夜色像被墨汁浸透的绸缎,从窗棂的缝隙里缓缓渗进来,把病房里所有尖锐的棱角都磨成了柔软的影子。我醒来的时候,正看见那些影子伏在陆远的睫毛上——它们随着他的呼吸轻轻颤抖,像一群谨慎的黑色蝶,唯恐惊扰了栖在花瓣上的月光。

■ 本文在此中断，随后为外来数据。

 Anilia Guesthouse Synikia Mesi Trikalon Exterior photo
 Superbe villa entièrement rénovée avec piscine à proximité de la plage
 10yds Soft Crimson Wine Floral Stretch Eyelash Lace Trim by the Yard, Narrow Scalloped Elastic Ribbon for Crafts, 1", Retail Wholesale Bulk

他其实没睡熟。那副看似安静的皮囊下,骨骼与心跳都在暗处保持着随时应战的弧度。我动了动指尖,想替他把滑到腰际的外套拉上去,却被他猛地攥住。那一瞬间,我错觉自己握住了一柄出鞘的刀,刀背却带着酒的余温,烫得我眼眶发涩。
“没睡吗?”
“嗯,我怕你醒来看不到我,会害怕。”
他的声音像被砂纸磨过,低低的,却带着少年时那股子不管不顾的蛮横。我恍惚想起十七岁的夏夜,他翻墙送我回家,也是这样一句——“怕黑就抓紧我”。那时巷口的路灯把两个人的影子叠成一个,如今却隔着三年空白,连呼吸都要重新度量。

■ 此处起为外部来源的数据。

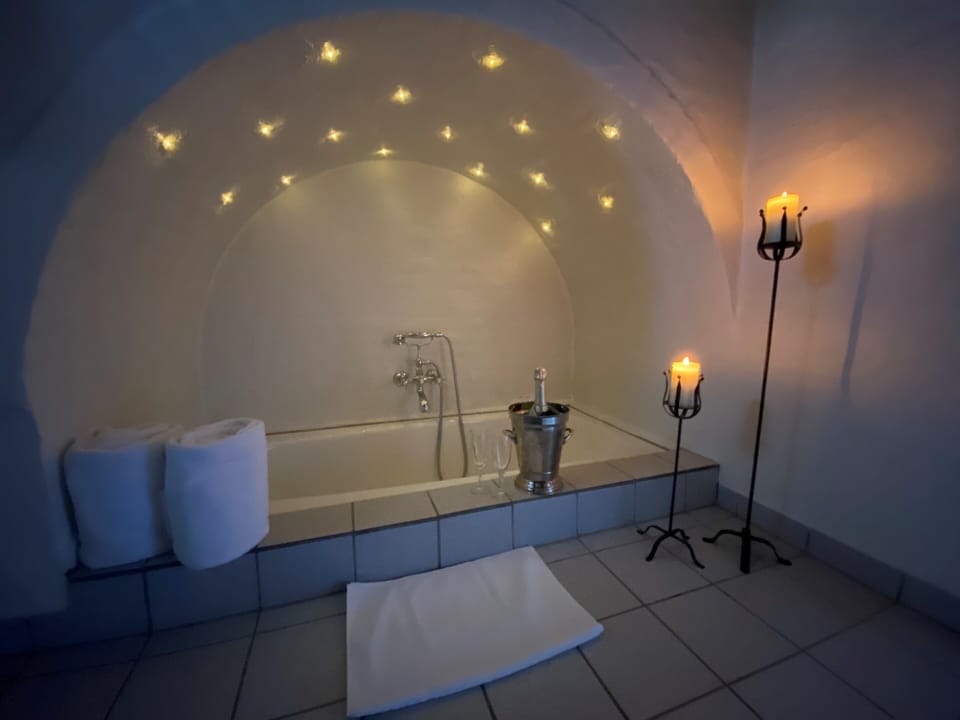 Junior Suite, Bathtub | Bathroom | Shower, eco-friendly toiletries, hair dryer, towels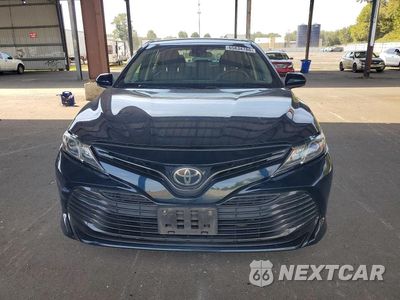 Piąte zdjęcie samochodu w środku: 2019 TOYOTA CAMRY L VIN:4T1B11HK9KU782193 - miniatura
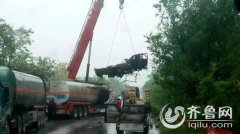 东营旅游区两油罐车相撞起火 司机一死一伤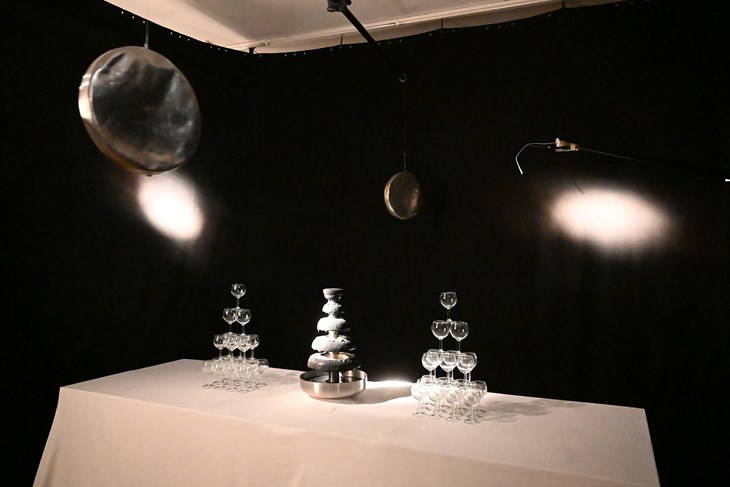 Instalacija "Communicating vessels" Pierrea Tola u Galeriji Poola (Snimio Danilo MEMEDOVIĆ)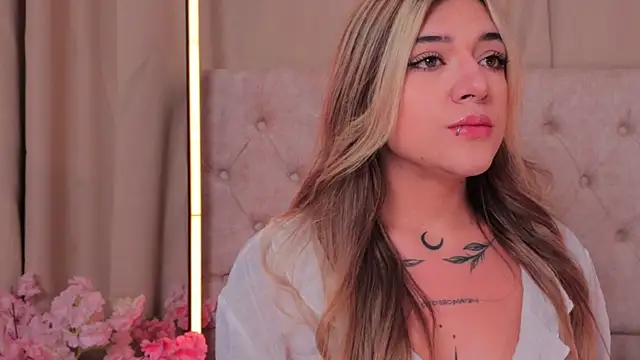 Snapshot of ashleyvalirya chatting on January 22, 3:52 am ashleyvalirya online show from January 22, 3:52 am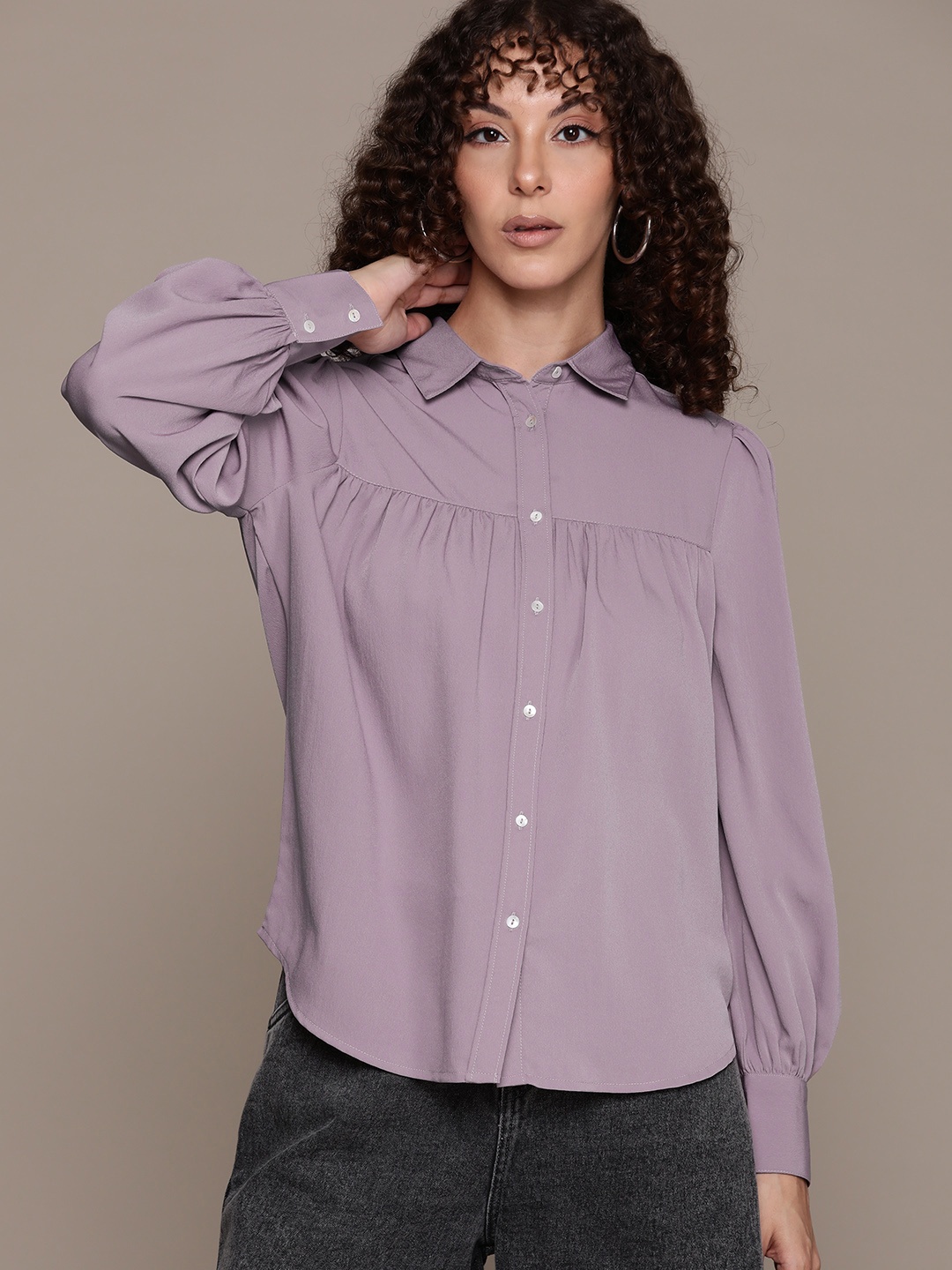 

The Roadster Lifestyle Co. Solid Pleated Casual Shirt, Mauve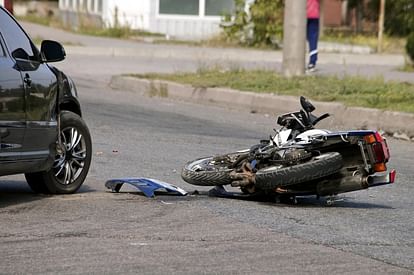 Two people died while three seriously injured in accidents on highway in Agra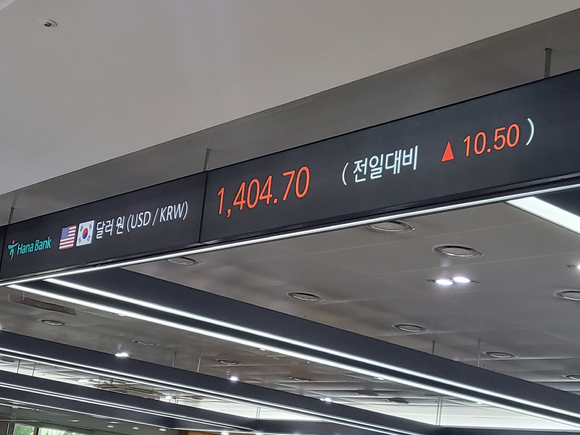 22일 서울외환시장에서 원·달러 환율이 1400원을 넘어섰다. 사진은 하나은행 딜링룸. [사진=박은경 기자]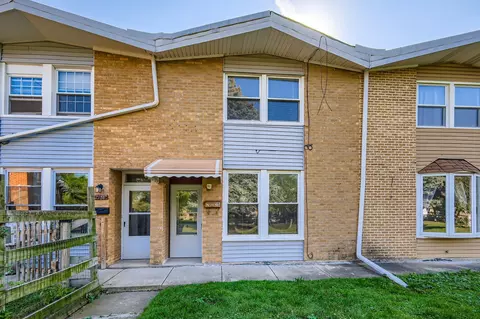 2131 Ash St #G, Des Plaines, IL 60018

我让他去睡,他摇头,固执得像堵墙。墙缝里却透出清酒的味道,一丝一缕,把我裹进微醺的潮水里。那信息素曾在我每一个被冷醒的深夜缺席,此刻却毫不讲理地填满整间病房,仿佛要把错过的年月一次性偿还。
“我又不是小孩子了,没事的。”
“我不管,反正我不走。”
他把手背垫在我输液的腕下,体温顺着透明的塑料管爬上来,与药液一起流进血管。我听见自己心脏在胸腔里轻轻“咔哒”一声,像上了锁的箱子被撬开一条缝,里面全是潮湿的梨花香。
——别让花香溢出来,我告诫自己。可指尖已经背叛,悄悄绕进他的指缝,扣紧。黎清得到默许,终于肯阖眼。睫毛在月下投下一排细小的栅栏,把过往所有尖锐的诘问都关在了外面。

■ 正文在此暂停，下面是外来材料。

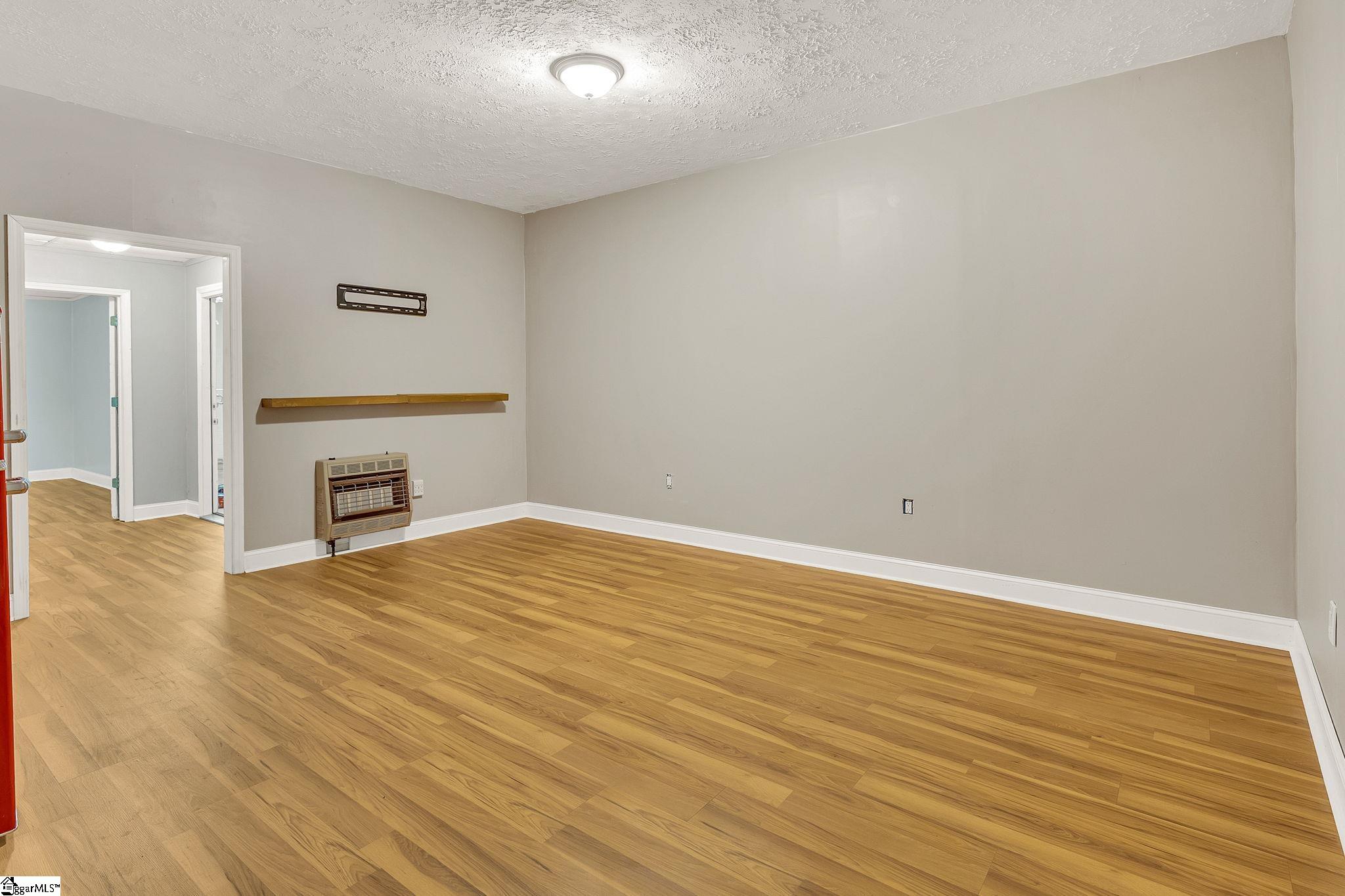 207 North Hogan Drive Westminster, SC 29693 - Photo 5 of 29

可我知道,栅栏外还站着一个人——黎墨。这个名字像一根倒刺,扎进喉咙,吞不下,吐不出。我别过脸,望向窗外。凌晨两点的城市灯火稀薄,像被谁随手撒了一把即将燃尽的磷火。我想起手术知情同意书上自己孤零零的签名,想起麻药退散时天花板晃动的冷光,想起医生那句“胚胎已经六周”。那些画面碎成玻璃碴,一路从胃里割到舌尖,血腥味混进梨花香,竟尝不出哪一味更苦。
“星星,你就是太善良了,才会受这么多委屈。”
黎清忽然在梦里嘟囔,手指收紧,像要把我嵌进骨缝。我低头看他左手腕那截红线,三年海水与阳光都没能让它褪色,反倒愈发鲜艳,像一道不肯愈合的伤口。对应的,我右手腕上也缠着同一根绳,线头早已起毛,却无人舍得剪断。
我俯身,用几乎听不见的声音回答:“我不是善良,我只是……欠了债。”
债主的影子此刻就伏在走廊尽头。明日复查,他一定会来。医院长廊的灯管会在他头顶碎成冷白的雪,而我必须在那场雪里,把三年的谎言与真相一并摊开。陆远会闻到松木信息素里夹杂的梨花香,他不会明白,他签下的不止是一张流产同意书,还有一份把余生都押上的赌局。
窗外,风起,吹得树影在墙上张牙舞爪。我伸手关掉床头灯,黑暗立刻像潮水漫过脚踝。就在彻底沉没前,我听见他含糊地喊了一声——
“星星,你别和他好了……好不好?”
我没有回答,只是轻轻把额头抵在他的手背上。那里有一条凸起的疤,是十九岁那年替我挡下碎酒瓶留下的。疤的温度比别处高半度,像一簇不肯熄灭的火,照着我即将踏入的深渊。
灯灭后,火便成了唯一的光。而我尚未想好,要不要带着这束光,去迎接明日黎墨眼底那场必将降临的雪。